Knowing little beyond what is stipulated in the assumptions of the model, economists would like to be able to predict or explain changes in consumption as a consequence of changes in prices or income. To do this, further assumptions about the shape of Alice’s indifference curve are necessary. Almost anything is possible in general. A larger income may lead to a smaller demand for inferior goods, and a price decrease can even go with a decrease in demand for “Giffen goods.”Footnote ¹¹ Given indifference curves shaped like those in Figure 2.1, which are reasonable in the case of many consumers and goods such as coffee, more definite conclusions can be reached. If income decreases to $Y\text{’}$ in Figure 2.1, Alice will consume less of both coffee and $ee$. If the price of coffee decreases, then Alice will consume more coffee and less of $ee$. Alice’s demand for coffee is a decreasing function of the price of coffee, an increasing function the price of $ee$ (which is a substitute), and an increasing function of Alice’s income, and, of course, it depends upon Alice’s preferences. These claims say nothing about the dynamics of adjustment (see §3.4). They state how demand would differ, as it were, after the dust has settled.

Since market demand is the sum of individual demands, economists can explain the generalizations concerning market demand. And, moreover, just as economists who sought to emulate Newton might have hoped, economists also have corrections for these market generalizations. The theory of consumer choice shows how those generalizations, including even the law of demand, can break down. It would be nice to have a quantitative account of market demand, and it would be nice to make use of a less idealized model, but the descent from the level of market generalization to theoretical underpinnings appears to be a success.

This success is modest, because data concerning market demand provide weak support for consumer choice theory. For example, as Gary Becker has shown (1962), completely random behavior could account for downward-sloping demand curves and the influence of income on demand; and habitual behavior could account for all of the market generalizations discussed earlier. So the theory of consumer choice is only weakly confirmed by its ability to explain the general facts concerning market demand.

2.6 Conclusions

This chapter has sketched the basic components of consumer choice theory and shown how they imply relatively superficial generalizations concerning market demand. In describing the way that microeconomics characterizes the demand side of markets, this account has also been accumulating philosophical debts.

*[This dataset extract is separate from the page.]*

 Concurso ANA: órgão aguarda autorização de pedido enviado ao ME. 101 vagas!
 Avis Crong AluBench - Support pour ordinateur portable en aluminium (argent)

It has spoken of rational choice theory and consumer choice theory, without saying much about what constitutes a “theory.” It has taken the fundamental constituents of those theories to be laws, albeit typically with scare quotes, since presumably false claims are not really laws. But I have said nothing about what a law might be. Chapter 1 spoke of models of rational choice, and this chapter delineated one simple model. But little has been said about what a model is or how models, laws, and theories are related. And Section 2.5 ended with some concerns about confirmation, which has also not yet been discussed.